The founders of the ICC may refuse to recognize America’s special role, but by turning to Washington when civil war breaks out in Liberia, or nuclear weapons sprout up in North Korea, or peacekeepers are needed in the Sinai, they are tacitly conceding that the United States is, well, special. As Johns Hopkins professor Fouad Ajami sighs, “The world rails against the United States, yet embraces its protection, its gossip and its hipness.”
In fact, as of 2004, Washington has defense-treaty commitments with 50 countries; the US military is the last (and first) line of defense for dozens of others. This role of stabilizer and honest broker expands daily in the War on Terror, with US forces now deployed in more than 100 countries. Since ICC officials won’t grant the United States exemptions to carry out this function, Washington is taking matters into its own hands:
-Using an ICC loophole to their advantage, US diplomats are hammering out side agreements with scores of countries to protect US troops from ICC prosecution. Among the 38 countries that have already agreed are Tajikistan, Afghanistan, Djibouti, the Philippines, Azerbaijan, Uzbekistan, Bosnia, Bahrain, India, and Israel—all important fronts in the War on Terror.
-Congress has passed the American Servicemembers’ Protection Act, which blocks US military assistance to any country that signs on to the ICC but refuses to sign a side agreement shielding US personnel. Underscoring just how serious Congress is taking the ICC’s attack on American sovereignty, ASPA also authorizes the president to use “all means necessary and appropriate” to free American or allied personnel from ICC imprisonment. In other words, ASPA is a license for war. Recall that this legislation emanated from a Democratic-controlled Senate, was passed by a Republican House and was signed by a Republican president.

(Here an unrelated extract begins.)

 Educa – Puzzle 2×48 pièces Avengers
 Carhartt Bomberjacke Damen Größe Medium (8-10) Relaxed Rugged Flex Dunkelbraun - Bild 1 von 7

Chasing after what Alexis de Tocqueville called the “indefinite perfectibility of man,” proponents of the ICC believe the court will “achieve justice for all…end impunity…end conflicts…remedy the deficiencies of ad hoc tribunals…deter future war criminals.” In a word, they believe the ICC can change human nature. They are wrong, and history itself mocks them.

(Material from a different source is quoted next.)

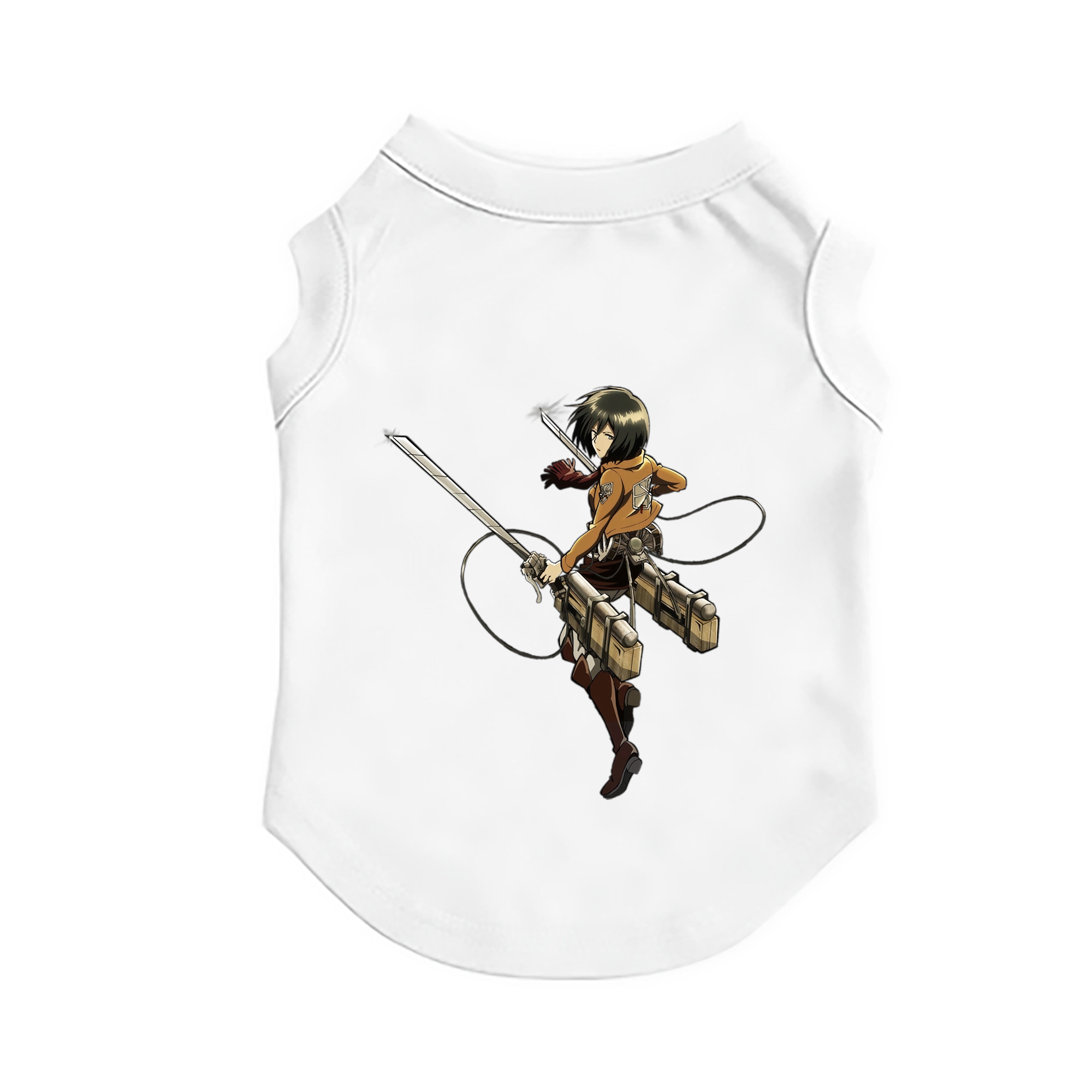 （画像用） 進撃の巨人 ミカサ·アッカーマン Attack on Titan Mikasa Ackerman ペット用ベスト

How can a court decision shame the shameless or punish the lawless? How will a court achieve justice for Saddam’s murdered victims, or the Taliban’s, or Kim Jong Il’s? How will it end impunity without the capacity to punish the guilty? How will it end conflicts, many of which rage even now between signatories of the ICC treaty? How will it deter future war criminals if Nuremburg, the most powerful war-crimes tribunal in history, failed to deter Stalin, Pol Pot, Mengistu, Amin, Saddam, the Hutus, Milosevic, or bin Laden?
It seems that a global effort to transform the regimes and systems that perpetrate these crimes would be more effective than what amounts to a global D.A. As British statesman and author George Walden once observed, “The most reliable unit of peace is a prosperous, educated, stable democratic nation.”
The United States may be on the wrong side of the world for opposing the ICC; but if it continues to replace dictatorships with democracies, it will remain on the right side of history.